» **EXERCISE**: Reproduce without any pictures the lines from the one that contains "Mens I just" through the end of the records, exactly as written.

» **AVAILABLE DATA**:

****

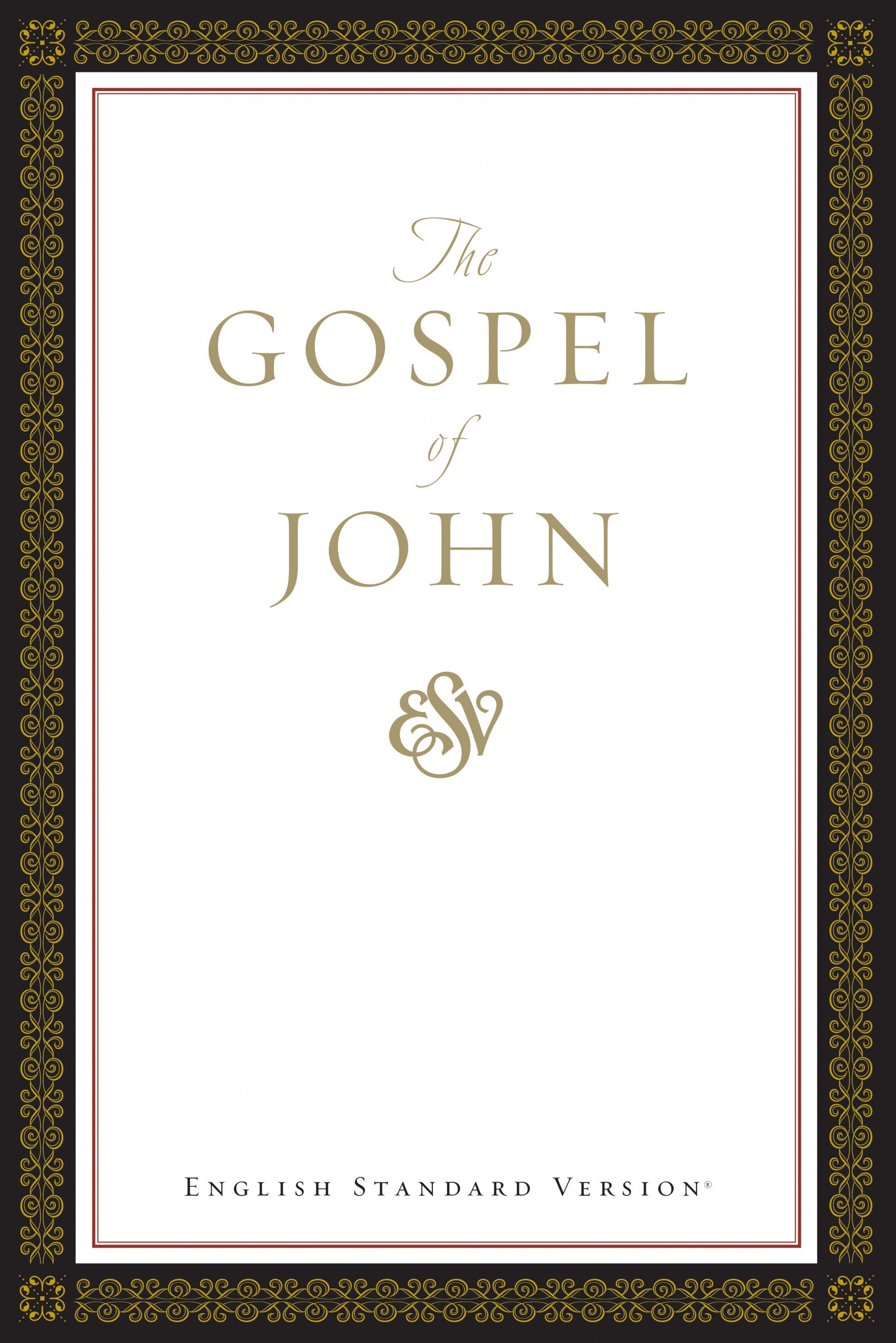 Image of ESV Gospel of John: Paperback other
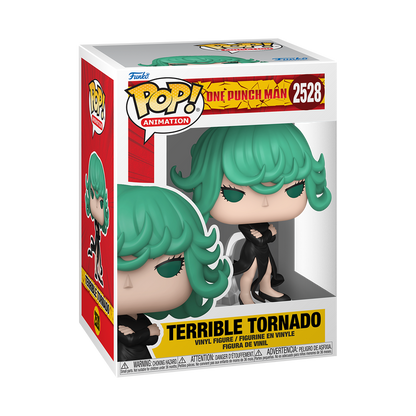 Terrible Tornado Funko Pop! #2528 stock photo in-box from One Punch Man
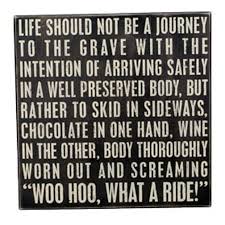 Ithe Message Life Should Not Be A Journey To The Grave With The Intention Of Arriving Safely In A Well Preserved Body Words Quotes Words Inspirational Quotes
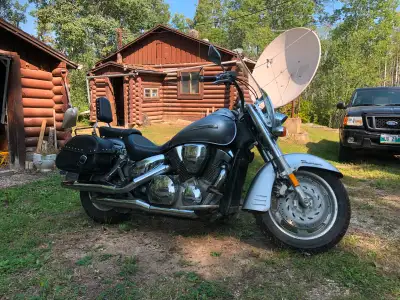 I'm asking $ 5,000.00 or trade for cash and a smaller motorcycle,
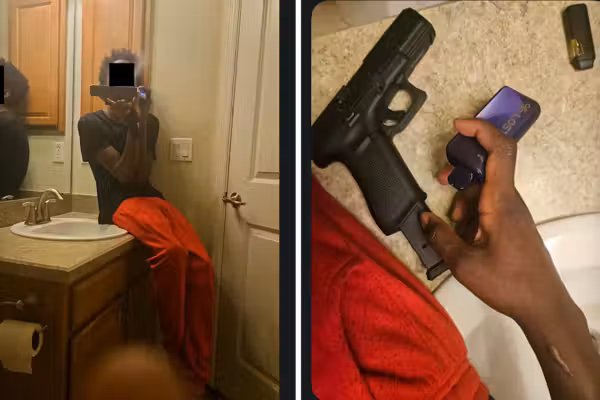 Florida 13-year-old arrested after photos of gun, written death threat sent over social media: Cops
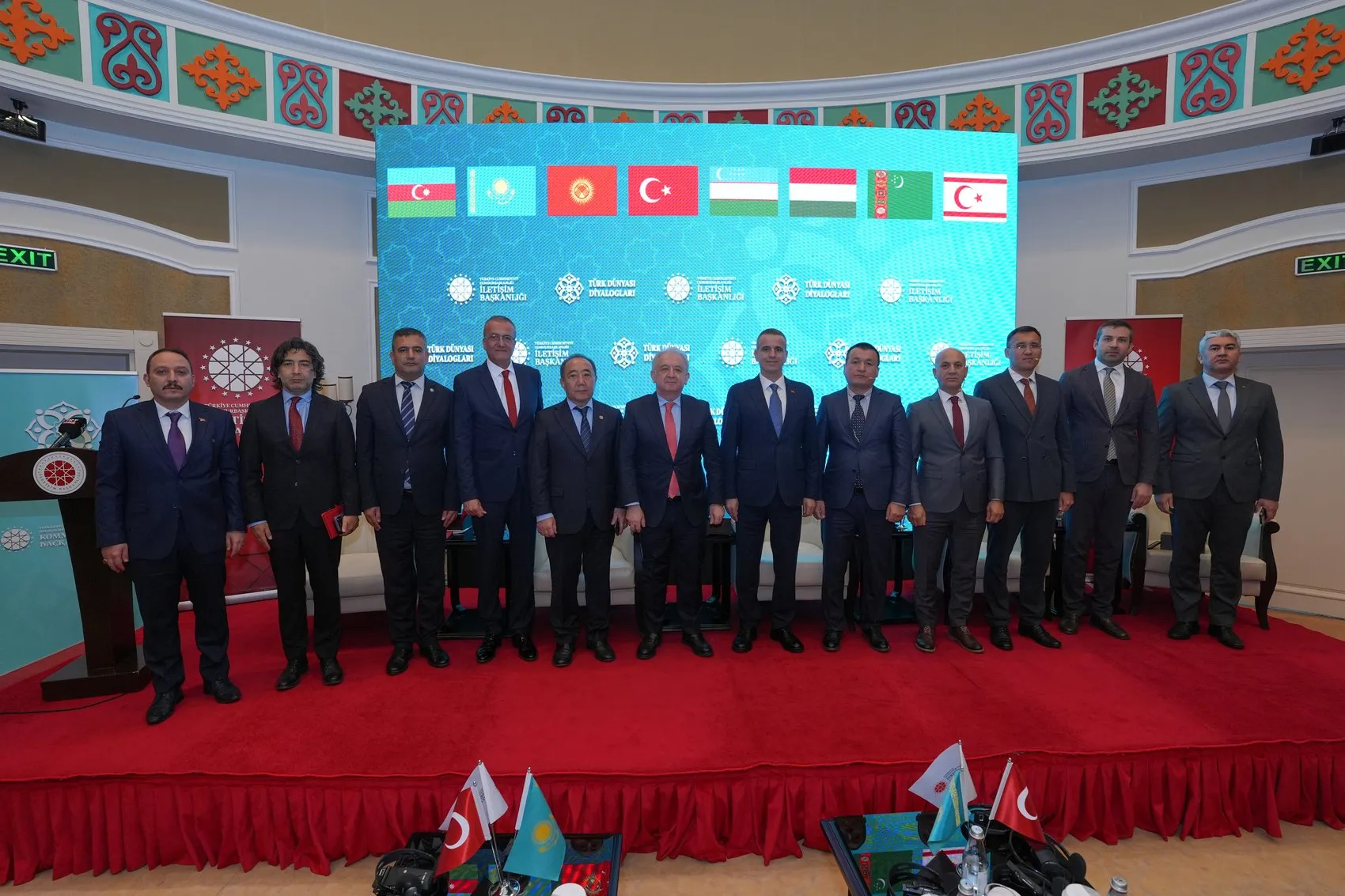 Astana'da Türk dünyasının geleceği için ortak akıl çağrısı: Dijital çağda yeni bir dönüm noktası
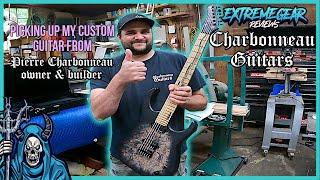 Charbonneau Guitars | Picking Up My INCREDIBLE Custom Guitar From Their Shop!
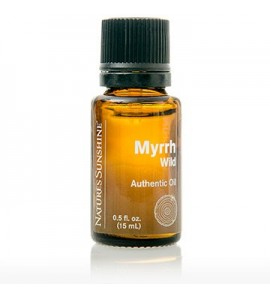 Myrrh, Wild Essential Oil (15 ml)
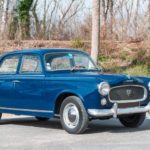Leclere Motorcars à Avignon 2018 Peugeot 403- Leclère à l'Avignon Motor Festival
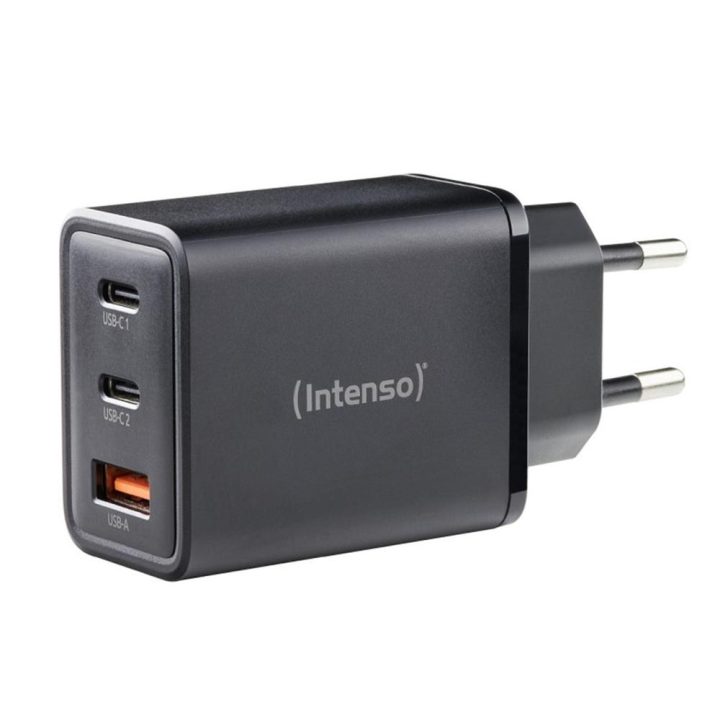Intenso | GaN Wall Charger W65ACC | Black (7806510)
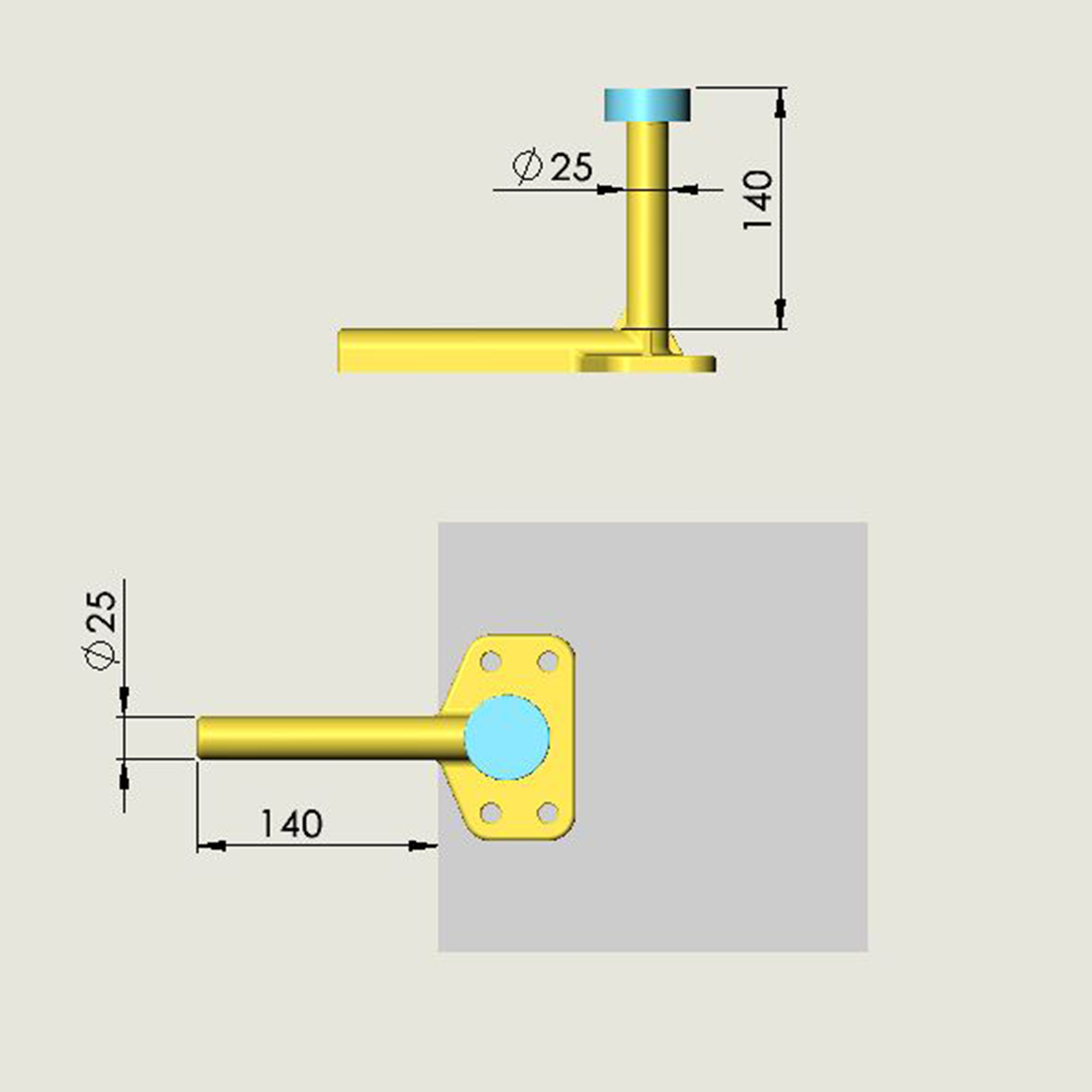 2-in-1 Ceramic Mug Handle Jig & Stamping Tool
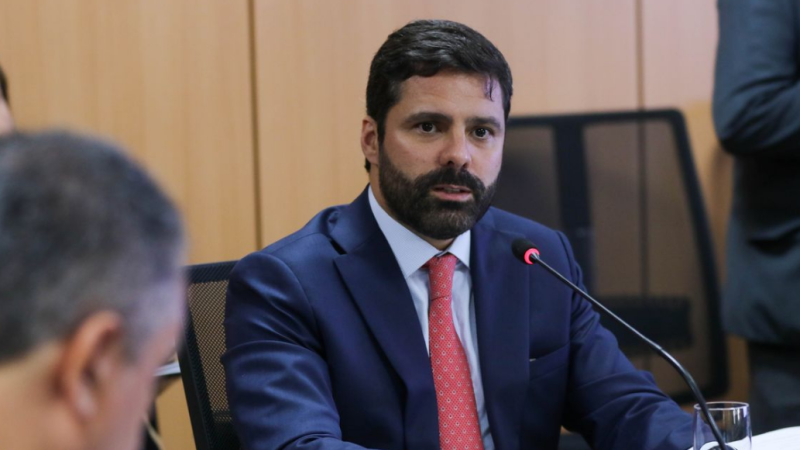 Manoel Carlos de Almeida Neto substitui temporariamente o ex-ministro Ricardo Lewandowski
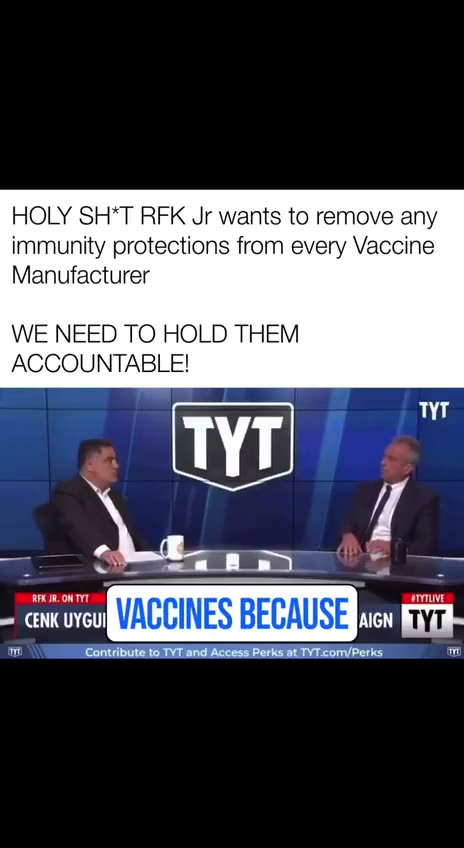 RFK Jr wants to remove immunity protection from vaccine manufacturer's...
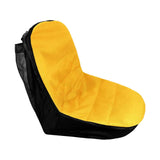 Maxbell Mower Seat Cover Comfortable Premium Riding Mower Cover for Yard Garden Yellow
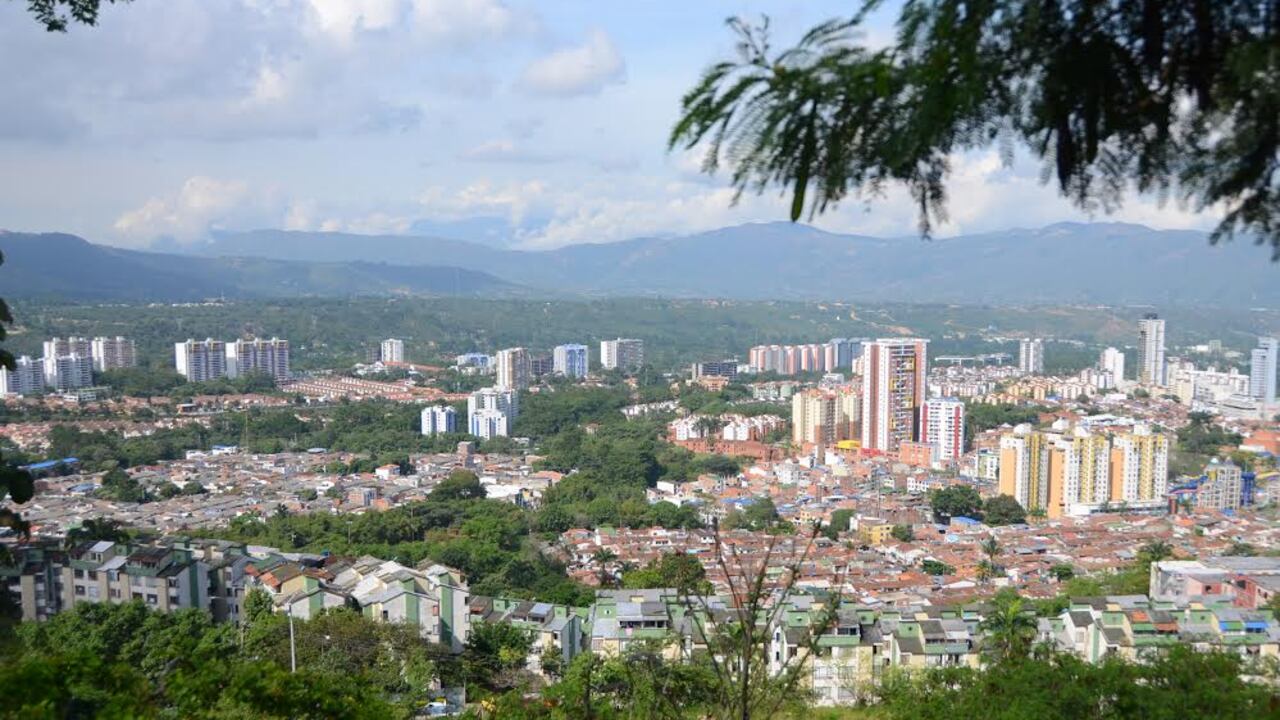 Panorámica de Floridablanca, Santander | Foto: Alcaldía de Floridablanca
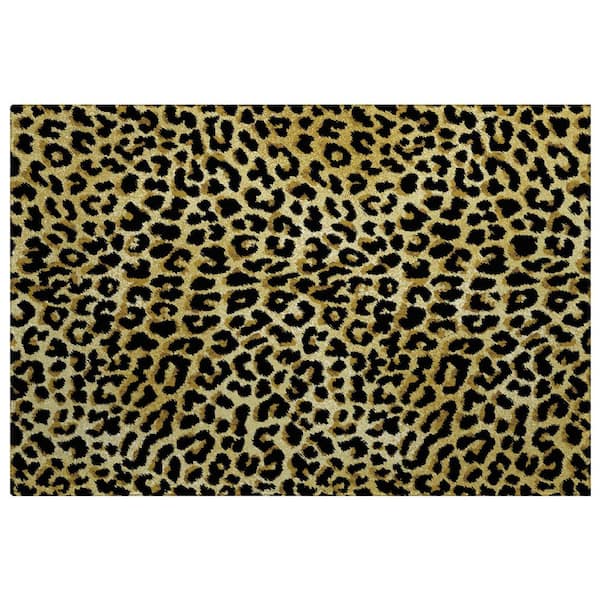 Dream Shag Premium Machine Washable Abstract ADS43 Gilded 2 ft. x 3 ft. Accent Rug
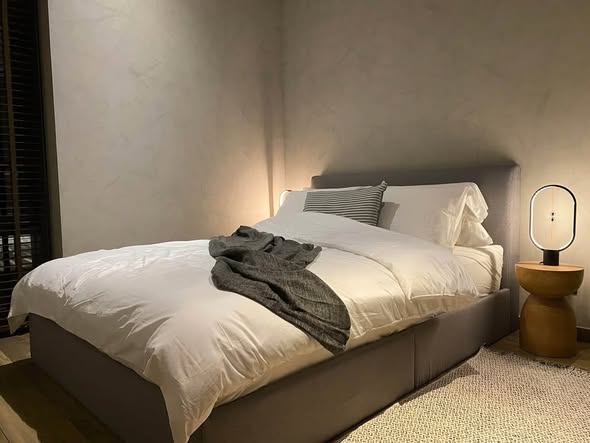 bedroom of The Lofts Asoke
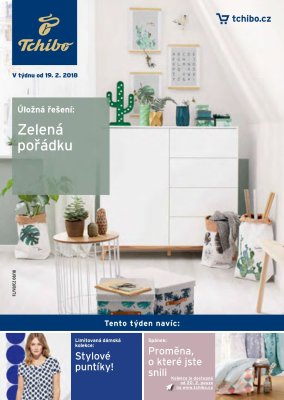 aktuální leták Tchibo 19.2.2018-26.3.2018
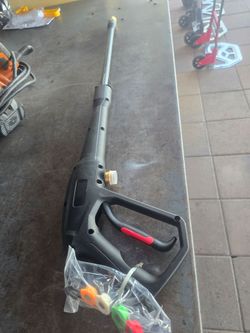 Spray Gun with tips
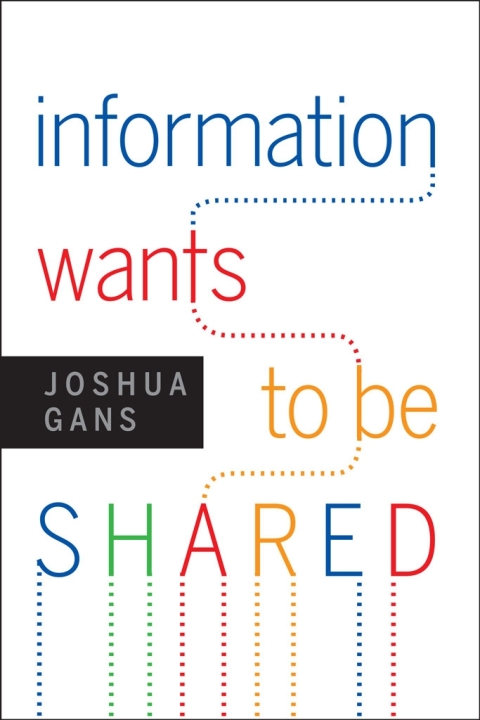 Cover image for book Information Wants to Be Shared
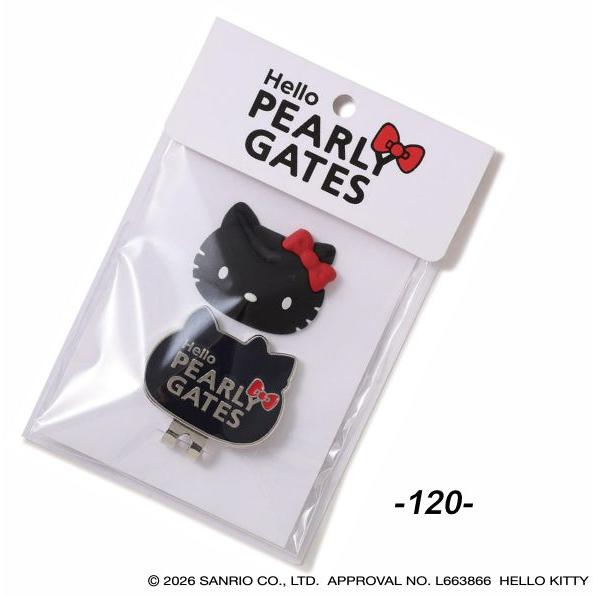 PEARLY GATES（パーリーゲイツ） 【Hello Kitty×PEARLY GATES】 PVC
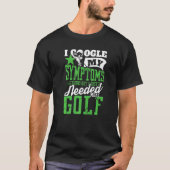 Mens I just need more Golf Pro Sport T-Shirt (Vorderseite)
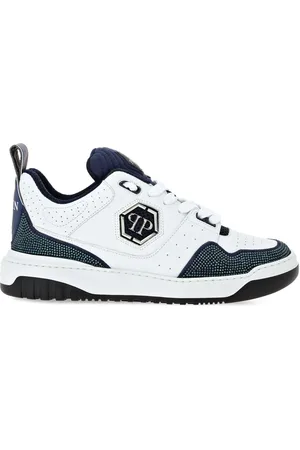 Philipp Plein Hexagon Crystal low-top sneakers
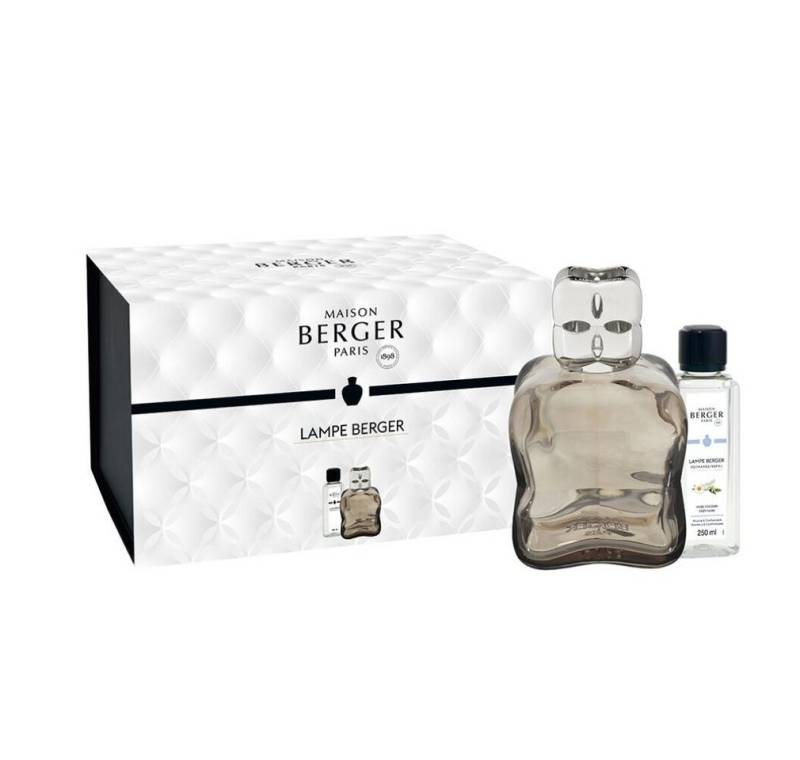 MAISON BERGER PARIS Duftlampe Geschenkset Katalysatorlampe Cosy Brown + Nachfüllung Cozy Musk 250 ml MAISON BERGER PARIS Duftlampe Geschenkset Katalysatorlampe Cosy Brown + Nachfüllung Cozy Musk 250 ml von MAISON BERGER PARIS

****

» **RESULT OF THIS TASK**:
 Mens I just need more Golf Pro Sport T-Shirt (Vorderseite)
 Philipp Plein Hexagon Crystal low-top sneakers
 MAISON BERGER PARIS Duftlampe Geschenkset Katalysatorlampe Cosy Brown + Nachfüllung Cozy Musk 250 ml MAISON BERGER PARIS Duftlampe Geschenkset Katalysatorlampe Cosy Brown + Nachfüllung Cozy Musk 250 ml von MAISON BERGER PARIS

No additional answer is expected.